J.J. Abrams, head producer of years of recent Trek material, can’t resolve this tension simply by making Trek look so shiny, explosion-filled, dangerous, and fast-paced that we’re lulled for a few minutes at a time into thinking it’s Star Wars, a franchise in which the imperial-vs.-rebel battlelines are far more clearly and decisively drawn (more about that franchise’s own problems next week, though).
If you fill your core cast of characters with true-believing Federation officers but then have them periodically fight the Federation itself to maintain the officers’ “underdog” cred, you increasingly end up with a muddle that is, so to speak, the worst of both worlds. Neither home base nor nomadic travel seems welcoming anymore, whereas both were once inspiring in this franchise.

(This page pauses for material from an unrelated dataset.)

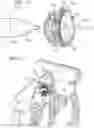 Fig. 05 - Trans-septal closure and port device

At least on TV, the tension between tolerance and authority—and the similar tension between techno-optimism and the dangers of dystopia—could be explored with some gentle, multi-season nuance (even if the anti-Federation separatists called the Maquis got short shrift plot-wise on Deep Space Nine). Harder to cram all that into one big, shiny, crowd-pleasing, slightly dumb, mega-budget movie every four years or so. Star Trek: Insurrection was sort of a transitional work: more cerebral than the Abrams era to come but often described as feeling a bit like an overlong episode of Next Generation inappropriately projected onto the big screen. Not enough bang for your cinema-going buck.

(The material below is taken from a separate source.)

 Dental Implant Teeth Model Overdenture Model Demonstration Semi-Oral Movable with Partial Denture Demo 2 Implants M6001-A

As for the man who played Capt. Kirk but has been criminally underused by the Trek franchise in recent decades, William Shatner, he embodies some of the same tensions as Trek itself, always acting as a booster for big science and recently flying to the edge of space at 90 but also glumly pronouncing doom for our high-tech, industrial, polluting civilization afterwards.
Lately, one minute he’s denouncing the sorts of control freaks who want to censor speech and the Net, the next he’s proclaiming that “everyone is going to die” unless we appoint England’s King Charles global eco-dictator to bring industrial humanity to heel, as if English aristocrats have ever needed much encouragement to think monstrous things like that about the carbon-spewing commoners.
If Shatner is really worried about the downsides of tech now, maybe instead of encouraging haughty rulers like Charles to exert more authority, he should worry about things like, say, whether the governments of the world are already filling the atmosphere with high-tech, UFO-like, aerogel “vacuum balloons” that bounce around at high speeds and near-zero resistance, like void-bubbles in currents of our air, festooned with tiny cameras that turn the whole surface of the Earth into a sporadically yet thoroughly mapped—and A.I.-diagrammed—surveillance terrarium.
May the Gene Roddenberrys—or for that matter Norman Lears—of the future spend more time wrestling with the question of how to defeat centralized power, as they did in some of their best works, and less time dreaming of using centralized power to monitor and improve all of us. Reformers should be on the side of the unruly, untamed masses covering the planet’s surface, even when centralized power has fast ships, tall buildings, and shiny monuments the rural bumpkins scarcely comprehend.